The finest man I’ve known
I am writing today about a person in my life whom was one of the finest people I have ever known. I am writing about Mose Levenstein.
We had two in town, then one was Store Mose and the other was Junkyard Mose. I knew both, but I am writing about Junkyard Mose.
My father bought property from Mose in the early 1940s. I was 10 to 12 years old at the time; it may have been sooner than that. My father and Mose were good friends. One of my first memories of Mose was me picking up pieces of scrap metal and taking them to the junkyard and selling them to Mose.

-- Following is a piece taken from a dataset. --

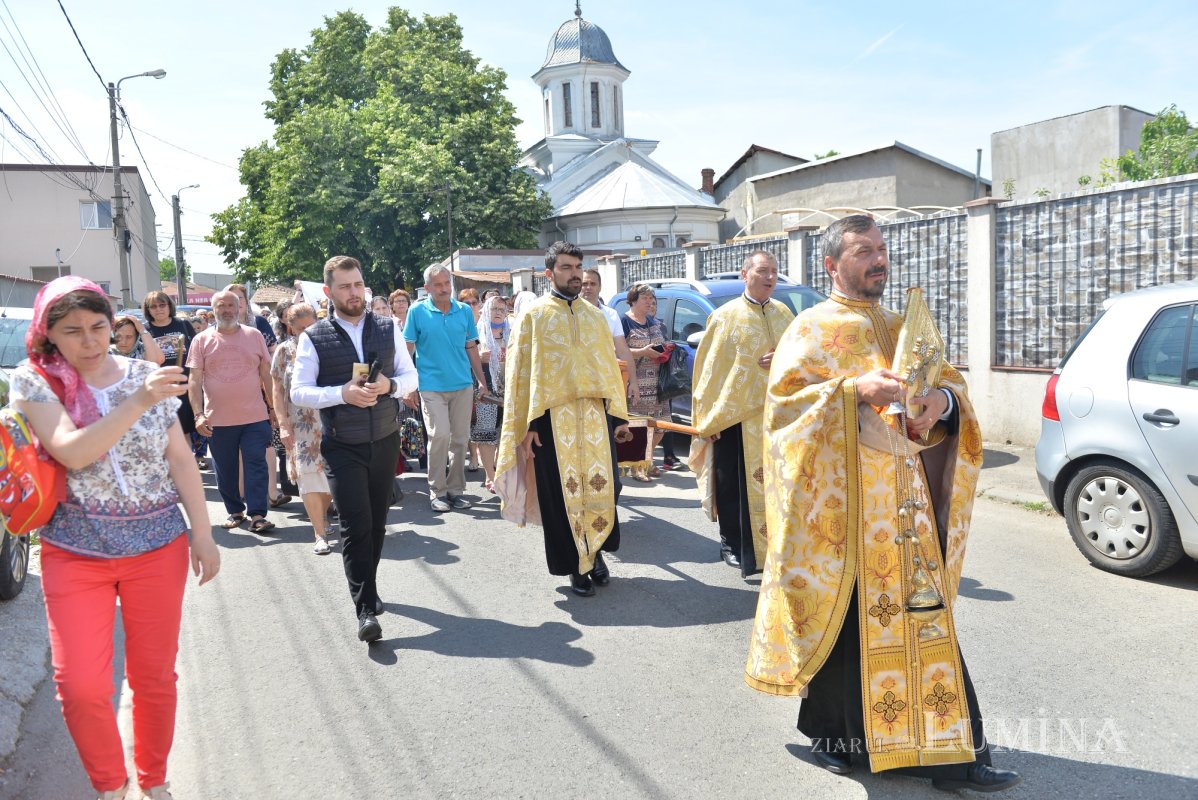 Procesiune cu Icoana Maicii Domnului „Siriaca” la o biserică din Capitală 216082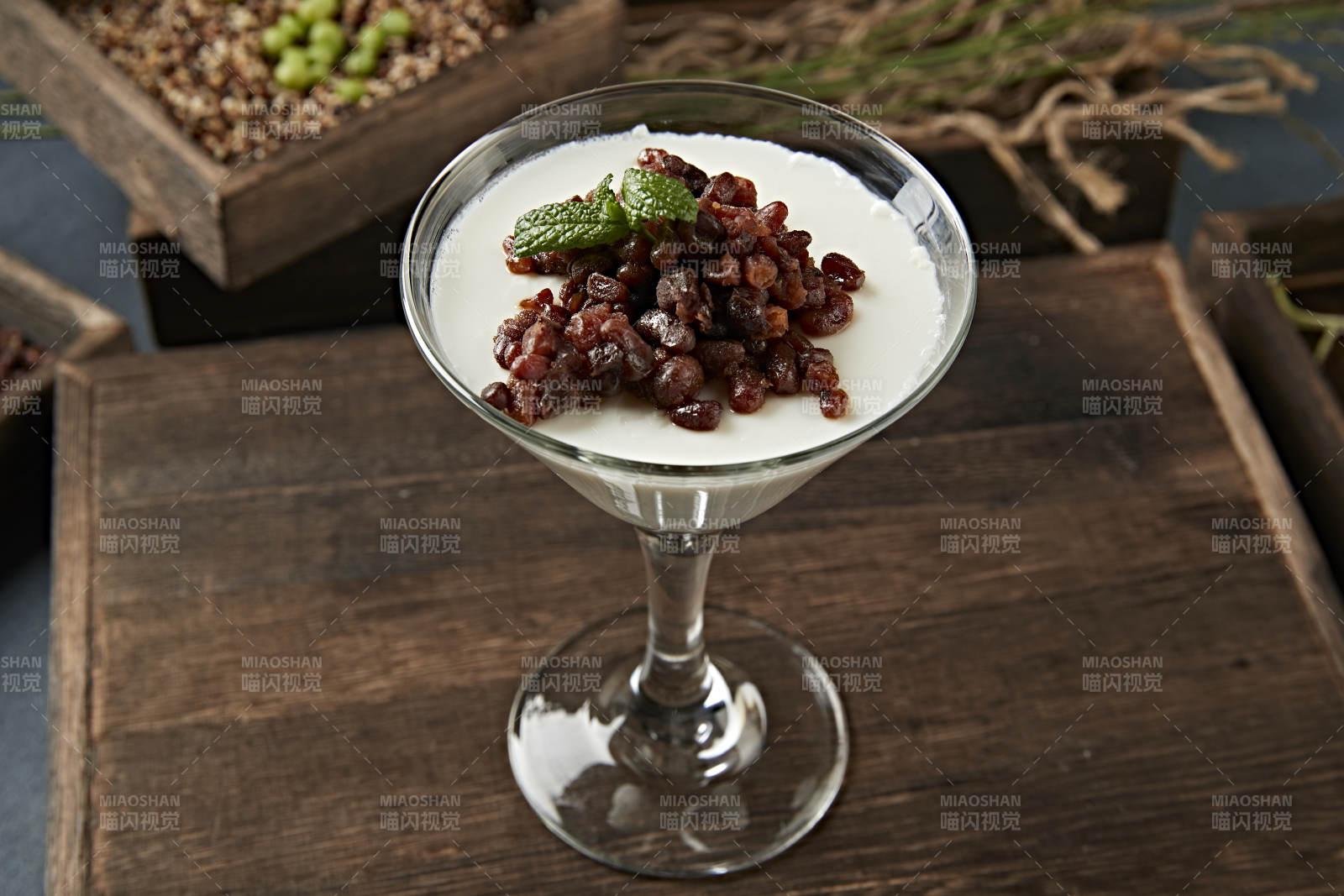 美味酸奶红豆布丁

He would say, “Ralph, you are selling me back my own junk,” but he would always give me a quarter for it. That was the start of a great memory. As I got older, I drove a truck for my father starting at 15 because of the war, he couldn’t get drivers. But I am straying away from my story.
He lived on East Washington and Mose was on East Main. Mose would take his daughter to school and anytime he would see me walking to school, he would pick me up and take me to school or home.
My father and I would get into disagreements and I know he would tell Mose and Mose would have me come over and he would talk to me. He was a kind man, a gentle man, consistent. To me, Mose was a godfather.
The people who worked for Mose and some who came in who made little insulting remarks, and Mose would just smile. I know they respected him; they were his family. They drank a little too much on weekends. We bail them out of jail, but they were my people. I grew up with them: the Hersley brothers and I can’t leave out the Robbins.